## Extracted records
□ □ □
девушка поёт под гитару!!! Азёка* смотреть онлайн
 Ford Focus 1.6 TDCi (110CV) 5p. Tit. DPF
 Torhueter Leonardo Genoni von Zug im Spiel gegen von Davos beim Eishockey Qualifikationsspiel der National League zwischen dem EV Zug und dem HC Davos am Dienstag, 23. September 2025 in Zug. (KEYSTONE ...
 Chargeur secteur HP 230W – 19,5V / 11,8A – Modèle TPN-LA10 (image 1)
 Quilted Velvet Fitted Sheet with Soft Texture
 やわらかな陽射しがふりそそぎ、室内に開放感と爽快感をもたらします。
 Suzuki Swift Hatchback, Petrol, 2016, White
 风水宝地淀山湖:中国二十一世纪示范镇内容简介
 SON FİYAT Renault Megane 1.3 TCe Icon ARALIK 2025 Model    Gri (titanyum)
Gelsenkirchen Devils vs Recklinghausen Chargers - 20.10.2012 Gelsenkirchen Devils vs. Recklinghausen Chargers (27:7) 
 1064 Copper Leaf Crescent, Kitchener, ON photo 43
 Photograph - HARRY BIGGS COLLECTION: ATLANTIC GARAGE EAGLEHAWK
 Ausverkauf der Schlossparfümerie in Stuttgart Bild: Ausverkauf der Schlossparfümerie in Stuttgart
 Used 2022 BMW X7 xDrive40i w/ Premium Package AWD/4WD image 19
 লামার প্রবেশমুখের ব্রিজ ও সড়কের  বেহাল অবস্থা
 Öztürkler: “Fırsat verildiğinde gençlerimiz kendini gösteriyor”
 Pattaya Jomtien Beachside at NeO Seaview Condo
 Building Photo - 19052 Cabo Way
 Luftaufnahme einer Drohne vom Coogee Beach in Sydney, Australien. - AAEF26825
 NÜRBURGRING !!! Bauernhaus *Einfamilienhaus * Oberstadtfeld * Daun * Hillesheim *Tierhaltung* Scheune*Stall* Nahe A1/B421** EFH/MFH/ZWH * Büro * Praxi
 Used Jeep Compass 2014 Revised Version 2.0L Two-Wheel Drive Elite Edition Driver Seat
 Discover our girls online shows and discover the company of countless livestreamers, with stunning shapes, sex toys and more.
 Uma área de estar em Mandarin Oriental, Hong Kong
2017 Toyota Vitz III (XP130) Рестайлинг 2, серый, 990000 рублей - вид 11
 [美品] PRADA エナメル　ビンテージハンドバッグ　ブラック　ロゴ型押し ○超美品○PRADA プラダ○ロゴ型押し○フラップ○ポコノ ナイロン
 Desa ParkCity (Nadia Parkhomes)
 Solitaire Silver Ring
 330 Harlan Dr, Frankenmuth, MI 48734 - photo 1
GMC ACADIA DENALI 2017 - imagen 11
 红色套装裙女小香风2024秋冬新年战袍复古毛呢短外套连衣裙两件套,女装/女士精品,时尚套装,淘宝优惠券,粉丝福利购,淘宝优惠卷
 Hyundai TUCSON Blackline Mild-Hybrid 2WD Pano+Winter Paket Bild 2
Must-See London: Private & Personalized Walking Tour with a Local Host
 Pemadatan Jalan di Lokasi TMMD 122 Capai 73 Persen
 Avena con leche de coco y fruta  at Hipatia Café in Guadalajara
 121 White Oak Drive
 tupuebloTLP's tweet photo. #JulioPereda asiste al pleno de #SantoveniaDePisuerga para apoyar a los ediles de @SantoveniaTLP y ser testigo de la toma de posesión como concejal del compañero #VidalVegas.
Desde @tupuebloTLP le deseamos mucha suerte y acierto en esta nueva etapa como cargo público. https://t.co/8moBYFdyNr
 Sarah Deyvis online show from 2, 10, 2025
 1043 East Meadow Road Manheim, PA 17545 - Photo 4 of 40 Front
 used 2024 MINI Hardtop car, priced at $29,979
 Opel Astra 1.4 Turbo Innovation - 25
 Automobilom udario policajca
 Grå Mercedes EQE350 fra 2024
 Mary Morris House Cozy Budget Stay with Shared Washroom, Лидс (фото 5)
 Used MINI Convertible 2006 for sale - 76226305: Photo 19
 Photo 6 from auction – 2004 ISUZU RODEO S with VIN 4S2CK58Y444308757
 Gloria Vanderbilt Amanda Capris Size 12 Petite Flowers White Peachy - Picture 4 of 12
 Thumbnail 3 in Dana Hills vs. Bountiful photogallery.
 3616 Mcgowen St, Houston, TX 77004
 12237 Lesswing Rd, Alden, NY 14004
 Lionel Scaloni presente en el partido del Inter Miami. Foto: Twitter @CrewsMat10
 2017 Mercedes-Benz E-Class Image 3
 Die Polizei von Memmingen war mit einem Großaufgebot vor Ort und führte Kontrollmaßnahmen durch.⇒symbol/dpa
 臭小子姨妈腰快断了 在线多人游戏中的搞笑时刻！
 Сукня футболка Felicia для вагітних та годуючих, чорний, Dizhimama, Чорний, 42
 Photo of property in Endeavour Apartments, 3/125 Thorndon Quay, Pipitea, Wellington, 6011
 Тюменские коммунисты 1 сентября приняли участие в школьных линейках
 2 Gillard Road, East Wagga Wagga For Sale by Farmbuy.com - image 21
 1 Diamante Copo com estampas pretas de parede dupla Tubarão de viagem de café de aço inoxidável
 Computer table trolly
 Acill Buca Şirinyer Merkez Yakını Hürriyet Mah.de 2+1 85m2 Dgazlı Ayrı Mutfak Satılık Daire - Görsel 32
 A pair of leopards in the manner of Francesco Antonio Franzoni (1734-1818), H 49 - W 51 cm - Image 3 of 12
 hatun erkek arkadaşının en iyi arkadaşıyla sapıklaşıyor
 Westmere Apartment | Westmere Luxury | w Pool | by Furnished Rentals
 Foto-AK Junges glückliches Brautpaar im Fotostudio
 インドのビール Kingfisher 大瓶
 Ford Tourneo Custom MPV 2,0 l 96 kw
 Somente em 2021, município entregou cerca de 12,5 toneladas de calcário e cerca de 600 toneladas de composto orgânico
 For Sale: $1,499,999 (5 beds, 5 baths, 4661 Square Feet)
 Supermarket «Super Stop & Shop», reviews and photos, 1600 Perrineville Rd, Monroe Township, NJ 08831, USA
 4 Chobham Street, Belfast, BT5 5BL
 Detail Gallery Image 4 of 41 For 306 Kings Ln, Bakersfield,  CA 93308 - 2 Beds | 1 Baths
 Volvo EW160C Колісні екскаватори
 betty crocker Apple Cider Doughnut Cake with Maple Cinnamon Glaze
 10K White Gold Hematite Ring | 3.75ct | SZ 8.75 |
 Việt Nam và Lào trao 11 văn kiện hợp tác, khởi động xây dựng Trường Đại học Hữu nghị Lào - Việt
□ □ □
What you return must match the entries exactly, word for word.

## WRITTEN ANSWER
девушка поёт под гитару!!! Азёка* смотреть онлайн
 Ford Focus 1.6 TDCi (110CV) 5p. Tit. DPF
 Torhueter Leonardo Genoni von Zug im Spiel gegen von Davos beim Eishockey Qualifikationsspiel der National League zwischen dem EV Zug und dem HC Davos am Dienstag, 23. September 2025 in Zug. (KEYSTONE ...
 Chargeur secteur HP 230W – 19,5V / 11,8A – Modèle TPN-LA10 (image 1)
 Quilted Velvet Fitted Sheet with Soft Texture
 やわらかな陽射しがふりそそぎ、室内に開放感と爽快感をもたらします。
 Suzuki Swift Hatchback, Petrol, 2016, White
 风水宝地淀山湖:中国二十一世纪示范镇内容简介
 SON FİYAT Renault Megane 1.3 TCe Icon ARALIK 2025 Model    Gri (titanyum)
Gelsenkirchen Devils vs Recklinghausen Chargers - 20.10.2012 Gelsenkirchen Devils vs. Recklinghausen Chargers (27:7) 
 1064 Copper Leaf Crescent, Kitchener, ON photo 43
 Photograph - HARRY BIGGS COLLECTION: ATLANTIC GARAGE EAGLEHAWK
 Ausverkauf der Schlossparfümerie in Stuttgart Bild: Ausverkauf der Schlossparfümerie in Stuttgart
 Used 2022 BMW X7 xDrive40i w/ Premium Package AWD/4WD image 19
 লামার প্রবেশমুখের ব্রিজ ও সড়কের  বেহাল অবস্থা
 Öztürkler: “Fırsat verildiğinde gençlerimiz kendini gösteriyor”
 Pattaya Jomtien Beachside at NeO Seaview Condo
 Building Photo - 19052 Cabo Way
 Luftaufnahme einer Drohne vom Coogee Beach in Sydney, Australien. - AAEF26825
 NÜRBURGRING !!! Bauernhaus *Einfamilienhaus * Oberstadtfeld * Daun * Hillesheim *Tierhaltung* Scheune*Stall* Nahe A1/B421** EFH/MFH/ZWH * Büro * Praxi
 Used Jeep Compass 2014 Revised Version 2.0L Two-Wheel Drive Elite Edition Driver Seat
 Discover our girls online shows and discover the company of countless livestreamers, with stunning shapes, sex toys and more.
 Uma área de estar em Mandarin Oriental, Hong Kong
2017 Toyota Vitz III (XP130) Рестайлинг 2, серый, 990000 рублей - вид 11
 [美品] PRADA エナメル　ビンテージハンドバッグ　ブラック　ロゴ型押し ○超美品○PRADA プラダ○ロゴ型押し○フラップ○ポコノ ナイロン
 Desa ParkCity (Nadia Parkhomes)
 Solitaire Silver Ring
 330 Harlan Dr, Frankenmuth, MI 48734 - photo 1
GMC ACADIA DENALI 2017 - imagen 11
 红色套装裙女小香风2024秋冬新年战袍复古毛呢短外套连衣裙两件套,女装/女士精品,时尚套装,淘宝优惠券,粉丝福利购,淘宝优惠卷
 Hyundai TUCSON Blackline Mild-Hybrid 2WD Pano+Winter Paket Bild 2
Must-See London: Private & Personalized Walking Tour with a Local Host
 Pemadatan Jalan di Lokasi TMMD 122 Capai 73 Persen
 Avena con leche de coco y fruta  at Hipatia Café in Guadalajara
 121 White Oak Drive
 tupuebloTLP's tweet photo. #JulioPereda asiste al pleno de #SantoveniaDePisuerga para apoyar a los ediles de @SantoveniaTLP y ser testigo de la toma de posesión como concejal del compañero #VidalVegas.
Desde @tupuebloTLP le deseamos mucha suerte y acierto en esta nueva etapa como cargo público. https://t.co/8moBYFdyNr
 Sarah Deyvis online show from 2, 10, 2025
 1043 East Meadow Road Manheim, PA 17545 - Photo 4 of 40 Front
 used 2024 MINI Hardtop car, priced at $29,979
 Opel Astra 1.4 Turbo Innovation - 25
 Automobilom udario policajca
 Grå Mercedes EQE350 fra 2024
 Mary Morris House Cozy Budget Stay with Shared Washroom, Лидс (фото 5)
 Used MINI Convertible 2006 for sale - 76226305: Photo 19
 Photo 6 from auction – 2004 ISUZU RODEO S with VIN 4S2CK58Y444308757
 Gloria Vanderbilt Amanda Capris Size 12 Petite Flowers White Peachy - Picture 4 of 12
 Thumbnail 3 in Dana Hills vs. Bountiful photogallery.
 3616 Mcgowen St, Houston, TX 77004
 12237 Lesswing Rd, Alden, NY 14004
 Lionel Scaloni presente en el partido del Inter Miami. Foto: Twitter @CrewsMat10
 2017 Mercedes-Benz E-Class Image 3
 Die Polizei von Memmingen war mit einem Großaufgebot vor Ort und führte Kontrollmaßnahmen durch.⇒symbol/dpa
 臭小子姨妈腰快断了 在线多人游戏中的搞笑时刻！
 Сукня футболка Felicia для вагітних та годуючих, чорний, Dizhimama, Чорний, 42
 Photo of property in Endeavour Apartments, 3/125 Thorndon Quay, Pipitea, Wellington, 6011
 Тюменские коммунисты 1 сентября приняли участие в школьных линейках
 2 Gillard Road, East Wagga Wagga For Sale by Farmbuy.com - image 21
 1 Diamante Copo com estampas pretas de parede dupla Tubarão de viagem de café de aço inoxidável
 Computer table trolly
 Acill Buca Şirinyer Merkez Yakını Hürriyet Mah.de 2+1 85m2 Dgazlı Ayrı Mutfak Satılık Daire - Görsel 32
 A pair of leopards in the manner of Francesco Antonio Franzoni (1734-1818), H 49 - W 51 cm - Image 3 of 12
 hatun erkek arkadaşının en iyi arkadaşıyla sapıklaşıyor
 Westmere Apartment | Westmere Luxury | w Pool | by Furnished Rentals
 Foto-AK Junges glückliches Brautpaar im Fotostudio
 インドのビール Kingfisher 大瓶
 Ford Tourneo Custom MPV 2,0 l 96 kw
 Somente em 2021, município entregou cerca de 12,5 toneladas de calcário e cerca de 600 toneladas de composto orgânico
 For Sale: $1,499,999 (5 beds, 5 baths, 4661 Square Feet)
 Supermarket «Super Stop & Shop», reviews and photos, 1600 Perrineville Rd, Monroe Township, NJ 08831, USA
 4 Chobham Street, Belfast, BT5 5BL
 Detail Gallery Image 4 of 41 For 306 Kings Ln, Bakersfield,  CA 93308 - 2 Beds | 1 Baths
 Volvo EW160C Колісні екскаватори
 betty crocker Apple Cider Doughnut Cake with Maple Cinnamon Glaze
 10K White Gold Hematite Ring | 3.75ct | SZ 8.75 |
 Việt Nam và Lào trao 11 văn kiện hợp tác, khởi động xây dựng Trường Đại học Hữu nghị Lào - Việt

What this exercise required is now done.